May 2007


The discovery of interstellar ketenimine (CH2CNH) was reported in 2006 by Lovas et al. using the Green Bank Telescope, its eighth new detection in two years of operation. Ketenimine was found in Sgr B2, the richest known source of interstellar molecules in the galaxy. Two other isomers, methyl cyanide (CH3CN) and methyl isocyanide (CH3CN) have also been observed. Very tentative evidence has also been presented for cyclic 2H-azirine.

Ketenimine is both a specific compound and the group name for R1R2C=C=NR3 species containing the cumulenic C=C=N backbone and the =NR imine group. The C=C=N backbone is slightly non-linear in ketenimine.

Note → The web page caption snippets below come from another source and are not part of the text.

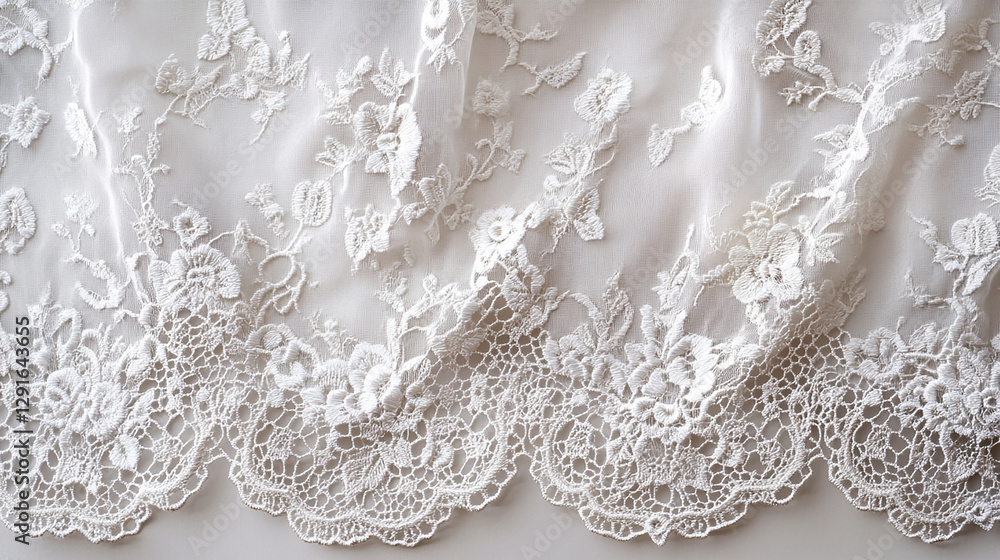 A delicate lace frame with soft white embroidery. A delicate lace frame with soft white embroidery.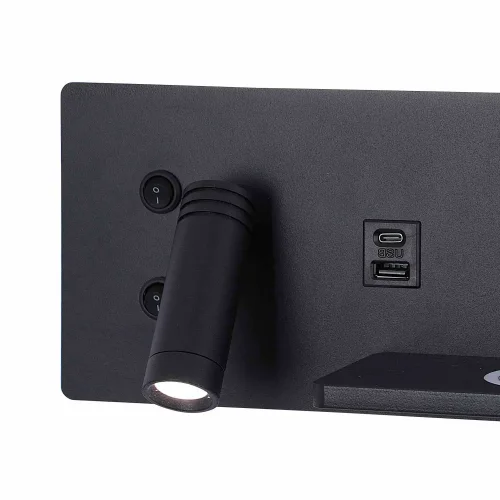 APPLIQUE DE MUR LED 8W RÉGLABLE TACTILE NOIR ORIENTATION GAUCHE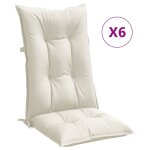 Vidaxl coussins de chaise � dossier haut lot de 6 cr�me m�lang� tissu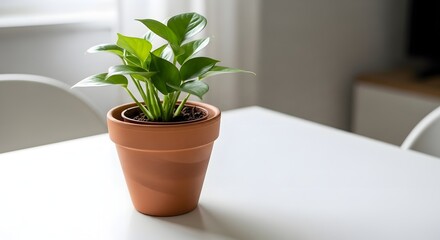 Obraz premium Small green houseplant in a terracotta pot on a white table in a modern interior.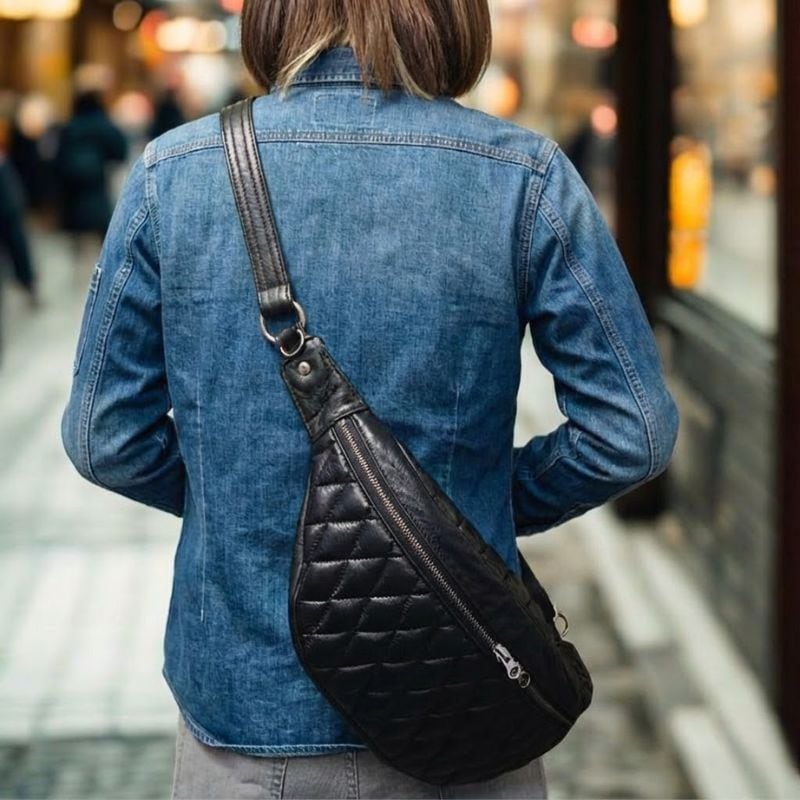 MOTOBLUEZ シープスキンファニーパック ブラック MB-BF01 ダイヤ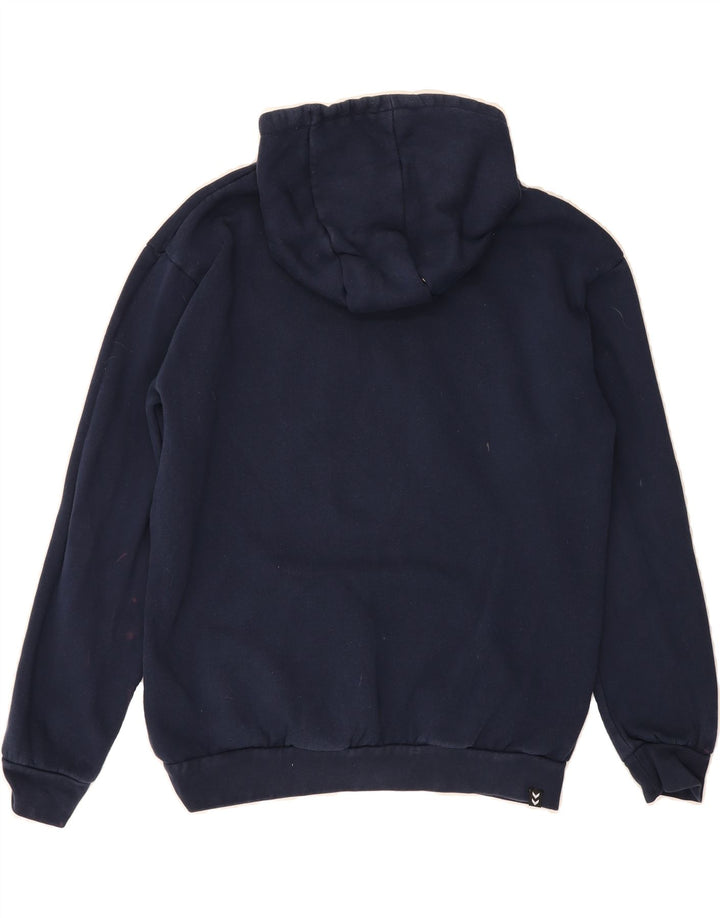 HUMMEL Mens Graphic Hoodie Jumper Medium Navy Blue Cotton Vintage Hummel and Second-Hand Hummel from Messina Hembry 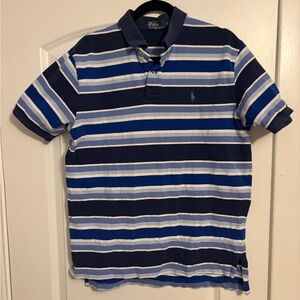 Ralph Lauren Blue and White Striped Polo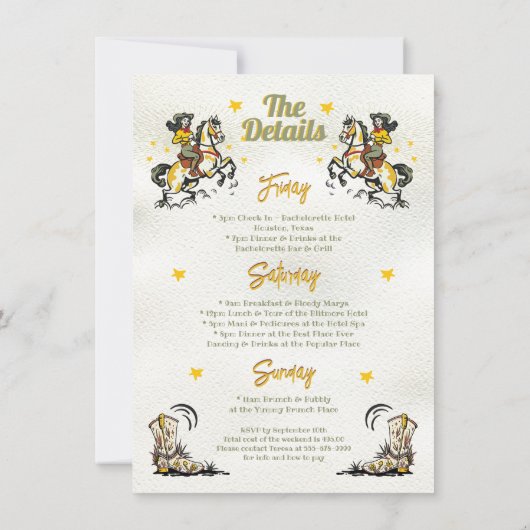 Retro Cowgirl Laatste Rodeo vrijgezellenfeest Kaart (Achterkant)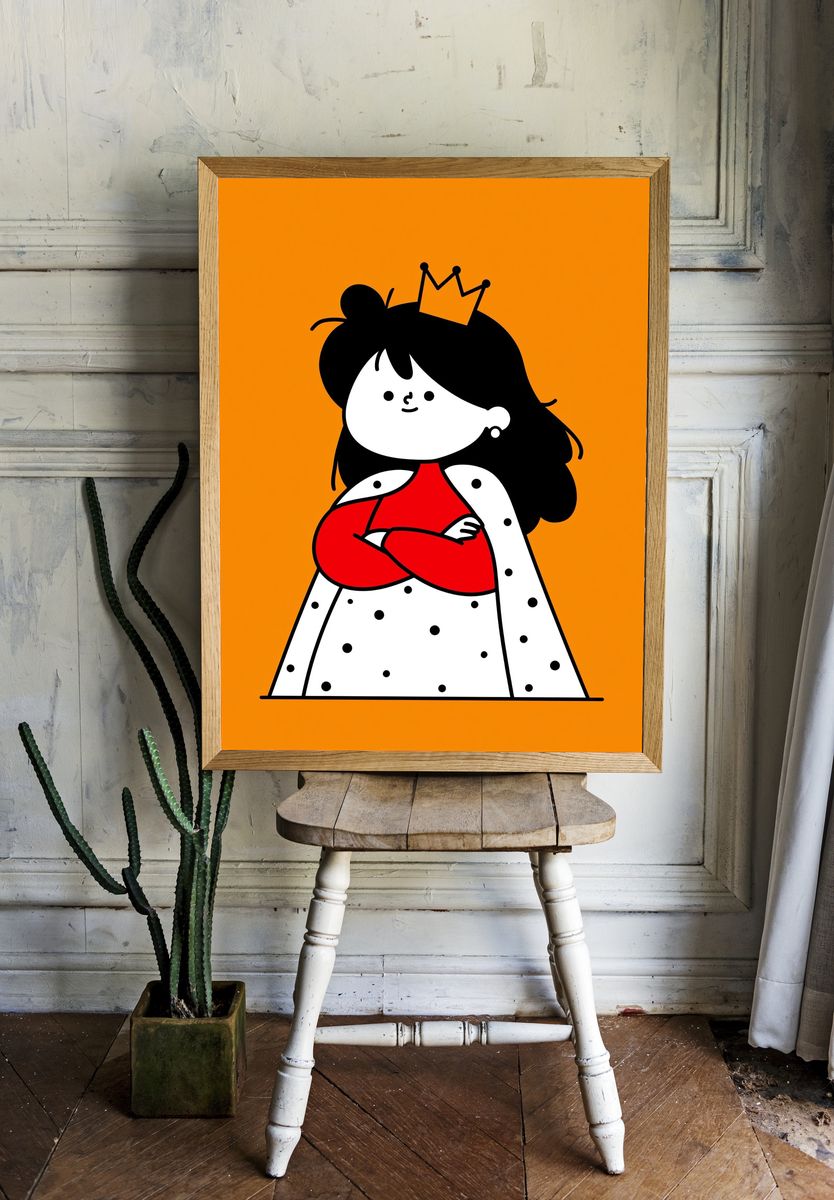 Princess Cartoon Illustration Poster. room preview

There are a number of potential pathways to the formation of ketenimine under different interstellar conditions, most of which are noted by Lovas et al. It could possibly form by rearranging methyl cyanide or isocyanide, though both of these are endothermic processes with high barriers. The first spectroscopic characterization by Jacox & Milligan formed ketenimine in cold matrices with the acetylene + NH reaction, though this evidently has a small barrier in its entrance channel and requires a triplet to single intersystem crossing. The acetylene + NH2 reaction, chararacterized theoretically by Moskaleva & Lin, also has a small entrance channel barrier but yields ketenimine after a simple 1,2 H shift and elimination of a second H. Both might occur more efficiently in photolyzed ices.